A step-by-step guide to buying a home/condo in your twenties in GTA
The way property prices in the Greater Toronto area (GTA) have been skyrocketing for the past few years most people believe they will have to save for a lifetime just to make a down payment on a home. Debates are raging over how even upper middle class families have been priced out of the market. Not surprisingly, many young people in their twenties stand on the sidelines and wonder: should they even dream of buying a home or a condo?
The younger generation juggles with an array of challenges including career and relationships at this stage in life. Add homeownership to the bag and the pressure becomes overwhelming.
But believe it or not millennials make up one of the largest segments of homebuyers in Toronto now. They are taking the plunge because the charm of being able to personalize and customize their own space, building equity and taking advantage of tax benefits is irresistible.
If you are in your twenties - trying to get through the maze of complexities that is the process of buying a home in Toronto can be daunting. Here is a step-by-step guide for you to follow:
Decide if homeownership makes sense for you
With homeownership comes several responsibilities:
- You have to stay put at one place for a few years.
- You have to spend more time maintaining your home than you do your rental.
- You have to be financially prepared because you pay for insurance, property taxes, and maintenance and repair costs on top of the monthly mortgage payments.
How is your credit history?
Your credit history is the first thing lenders will look at while reviewing your mortgage application. It is a record of a borrower's responsible repayment of debts. If you have never taken a loan, you will hardly have any credit history. In that case, you should get a credit card and use it responsibly for a few months.
If you already have an established credit history, request a free copy of your credit report from all major credit rating agencies such as Equifax and TransUnion Canada and find out if your rating is good enough to qualify for a mortgage.
In order to qualify for the best interest rates and terms, you should have a credit rating of 720 or more. A credit score of 760-plus is considered the best. If your credit score is lower than 620, you are in trouble. Even if a lender agrees to approve your mortgage application, you will have to pay higher interest rates and won't get the best terms.
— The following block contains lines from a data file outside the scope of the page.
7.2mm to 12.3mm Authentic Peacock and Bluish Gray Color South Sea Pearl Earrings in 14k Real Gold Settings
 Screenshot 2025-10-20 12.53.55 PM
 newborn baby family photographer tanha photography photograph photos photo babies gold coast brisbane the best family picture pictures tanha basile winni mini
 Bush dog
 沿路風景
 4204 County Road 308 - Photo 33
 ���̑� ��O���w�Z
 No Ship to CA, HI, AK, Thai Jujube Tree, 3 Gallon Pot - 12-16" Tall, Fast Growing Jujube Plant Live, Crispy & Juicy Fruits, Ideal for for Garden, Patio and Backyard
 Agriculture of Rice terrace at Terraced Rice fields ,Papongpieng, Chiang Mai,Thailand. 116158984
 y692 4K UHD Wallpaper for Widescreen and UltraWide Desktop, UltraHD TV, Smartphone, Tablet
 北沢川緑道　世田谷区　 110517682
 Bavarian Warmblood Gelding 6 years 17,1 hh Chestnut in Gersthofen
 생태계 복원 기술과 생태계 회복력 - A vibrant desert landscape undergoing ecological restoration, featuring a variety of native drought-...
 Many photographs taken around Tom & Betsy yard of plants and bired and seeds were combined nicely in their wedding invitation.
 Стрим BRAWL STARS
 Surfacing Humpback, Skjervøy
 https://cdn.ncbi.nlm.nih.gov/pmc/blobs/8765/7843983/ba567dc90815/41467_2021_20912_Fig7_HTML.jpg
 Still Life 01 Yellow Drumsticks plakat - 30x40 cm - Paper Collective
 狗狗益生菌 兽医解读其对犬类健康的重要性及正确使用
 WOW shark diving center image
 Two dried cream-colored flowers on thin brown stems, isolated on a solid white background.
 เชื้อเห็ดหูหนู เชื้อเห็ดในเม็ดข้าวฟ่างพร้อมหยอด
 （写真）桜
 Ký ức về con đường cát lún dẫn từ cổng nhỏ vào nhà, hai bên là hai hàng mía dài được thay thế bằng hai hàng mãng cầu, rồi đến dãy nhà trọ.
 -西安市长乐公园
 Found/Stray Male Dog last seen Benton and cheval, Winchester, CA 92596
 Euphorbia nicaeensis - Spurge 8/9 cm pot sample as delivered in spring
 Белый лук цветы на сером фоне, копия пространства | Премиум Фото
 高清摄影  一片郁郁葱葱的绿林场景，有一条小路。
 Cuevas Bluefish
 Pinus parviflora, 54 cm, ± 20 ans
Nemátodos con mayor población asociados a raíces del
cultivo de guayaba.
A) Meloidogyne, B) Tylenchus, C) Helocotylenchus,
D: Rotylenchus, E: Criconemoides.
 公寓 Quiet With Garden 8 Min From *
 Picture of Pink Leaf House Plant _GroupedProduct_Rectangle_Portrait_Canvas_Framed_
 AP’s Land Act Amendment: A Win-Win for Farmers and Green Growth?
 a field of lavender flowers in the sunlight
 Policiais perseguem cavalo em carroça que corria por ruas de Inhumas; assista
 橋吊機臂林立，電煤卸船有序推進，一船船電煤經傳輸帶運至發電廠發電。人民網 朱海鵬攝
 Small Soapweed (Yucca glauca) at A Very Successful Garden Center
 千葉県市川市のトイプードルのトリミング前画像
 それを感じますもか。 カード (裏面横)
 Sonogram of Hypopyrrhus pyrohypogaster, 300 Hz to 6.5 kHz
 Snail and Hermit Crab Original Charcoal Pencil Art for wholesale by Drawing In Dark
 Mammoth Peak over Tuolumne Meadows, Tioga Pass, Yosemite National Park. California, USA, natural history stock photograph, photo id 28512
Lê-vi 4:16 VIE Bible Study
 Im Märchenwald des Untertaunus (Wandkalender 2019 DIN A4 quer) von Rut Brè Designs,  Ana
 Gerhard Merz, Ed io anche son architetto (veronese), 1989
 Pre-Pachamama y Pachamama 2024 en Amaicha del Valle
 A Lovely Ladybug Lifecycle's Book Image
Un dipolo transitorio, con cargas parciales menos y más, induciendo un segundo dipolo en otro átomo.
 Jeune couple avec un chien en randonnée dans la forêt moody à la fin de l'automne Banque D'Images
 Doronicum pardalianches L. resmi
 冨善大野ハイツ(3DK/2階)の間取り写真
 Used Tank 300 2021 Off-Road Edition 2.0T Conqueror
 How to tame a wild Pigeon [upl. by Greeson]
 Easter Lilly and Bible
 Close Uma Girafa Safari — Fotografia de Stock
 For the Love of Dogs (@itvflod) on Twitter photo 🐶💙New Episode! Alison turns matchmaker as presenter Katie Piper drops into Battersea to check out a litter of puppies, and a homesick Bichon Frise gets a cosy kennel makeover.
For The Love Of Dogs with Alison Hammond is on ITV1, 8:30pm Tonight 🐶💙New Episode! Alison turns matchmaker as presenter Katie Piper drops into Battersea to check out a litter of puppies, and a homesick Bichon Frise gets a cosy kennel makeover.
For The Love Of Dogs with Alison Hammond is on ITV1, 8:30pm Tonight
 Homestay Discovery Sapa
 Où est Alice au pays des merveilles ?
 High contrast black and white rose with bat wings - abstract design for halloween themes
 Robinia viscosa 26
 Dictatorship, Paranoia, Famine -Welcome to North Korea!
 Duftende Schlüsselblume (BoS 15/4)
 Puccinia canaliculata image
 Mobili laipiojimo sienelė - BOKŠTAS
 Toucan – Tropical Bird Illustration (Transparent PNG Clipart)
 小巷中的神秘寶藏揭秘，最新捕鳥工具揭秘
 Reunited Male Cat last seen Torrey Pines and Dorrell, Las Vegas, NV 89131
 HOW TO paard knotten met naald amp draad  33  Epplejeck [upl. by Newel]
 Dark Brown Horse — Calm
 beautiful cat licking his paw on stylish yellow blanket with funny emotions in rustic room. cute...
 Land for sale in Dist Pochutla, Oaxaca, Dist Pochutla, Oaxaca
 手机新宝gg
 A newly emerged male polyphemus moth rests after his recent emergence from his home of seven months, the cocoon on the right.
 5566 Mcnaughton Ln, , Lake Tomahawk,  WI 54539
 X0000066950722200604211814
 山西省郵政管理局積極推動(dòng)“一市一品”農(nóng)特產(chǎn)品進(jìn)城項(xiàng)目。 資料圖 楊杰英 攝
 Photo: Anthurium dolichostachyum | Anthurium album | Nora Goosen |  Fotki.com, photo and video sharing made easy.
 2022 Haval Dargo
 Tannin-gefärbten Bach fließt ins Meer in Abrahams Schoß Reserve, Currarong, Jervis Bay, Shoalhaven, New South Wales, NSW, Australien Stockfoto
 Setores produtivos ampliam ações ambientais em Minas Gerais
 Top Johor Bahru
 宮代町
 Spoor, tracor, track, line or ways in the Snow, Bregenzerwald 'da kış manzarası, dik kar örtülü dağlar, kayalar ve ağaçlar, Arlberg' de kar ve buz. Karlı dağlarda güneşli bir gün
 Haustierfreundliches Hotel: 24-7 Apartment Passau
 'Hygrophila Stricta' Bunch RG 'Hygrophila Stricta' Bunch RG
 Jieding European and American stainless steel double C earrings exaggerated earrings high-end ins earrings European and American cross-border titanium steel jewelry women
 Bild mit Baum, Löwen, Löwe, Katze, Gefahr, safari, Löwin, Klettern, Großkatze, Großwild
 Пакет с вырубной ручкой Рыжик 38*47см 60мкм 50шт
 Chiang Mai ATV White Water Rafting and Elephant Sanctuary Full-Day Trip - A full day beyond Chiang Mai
Start your home search by getting pre-approved for a mortgage
Submit details (with documentary proof) of your current income, employment and tax payments to several banks for their underwriters to pre-approve you for a mortgage.
A mortgage pre-approval letter will tell you the exact dollar amount that you have been approved for. Once you know this amount, you will know your budget depending on how much down payment you are willing to make.
First time home buyers assistance programs
Did you know that if you are buying your first home in the GTA, you - as a first time home buyer - are entitled to at least four types of assistance programs to help with the purchase?
The federal Home Buyer Plan (HBP) If you have an RRSP account, you can borrow from yourself under the HBP. You can withdraw up to $25,000 for use toward the purchase of your home. You can pay back this amount over 15 years.
The federal First-time Home Buyer's Tax Credit Under the First-time Home Buyer's Tax Credit program, you can claim up to $5,000 in total as a tax credit, and you are entitled to a federal tax relief of up to $750.
The Ontario Land Transfer Tax Rebate As a first time home buyer, you can claim a refund of up to $4,000 of land transfer tax that you pay when buying a home in Ontario.
The Toronto Municipal Land Transfer Tax Rebate If you are buying in the City of Toronto "proper", you can claim a refund of Toronto's municipal land transfer tax, up to $3,725.
Save for down payment and closing costs
When buying a home in Toronto, you have to put down at least 5 per cent of the property's first $500,000, plus 10 per cent of any amount over $500,000. Closing costs can amount to anywhere between 1.5% and 3% of the purchase price.
Keep in mind even if you take advantage of assistance programs, you may have to arrange for thousands of dollars to cover the closing costs and down payment.
For most people in their twenties, arranging for down payment is the biggest obstacle. Depending on your current income and lifestyle expenses, put aside money consistently for six to 12 months before you even hit the market looking for a home.
Find your dream home that fits in your budget and needs
Forget about all of the news and coverage over low affordability levels in GTA. You can always find a home that fits in your budget. Your dream may be to buy a palace with your own swimming pool in the backyard, a large garden and other such luxuries, but in reality you should never lose sight of your budget. You should focus more on 'must-haves' rather than 'should-haves'.
If a condo - not a detached or semi-detached house - fits in your budget and needs, you should go ahead and buy one. You can find plenty of affordable condos in good areas of the city and GTA. Enlist the services of a real estate agent who can help you find the right property. Once you zero in on a property, run all the investment metrics to ensure you are putting your money in a home that will build equity and appreciate in price over time.
Make sure your desired location has a low crime rate and all the necessary amenities including transportation. The place should be fairly closer to work. In a nutshell, the neighborhood should suit your lifestyle and requirements.
Careful planning is the key to realizing your homeownership dream in Toronto or anywhere else for that matter. Don't stretch yourself financially by buying a home that you can't afford.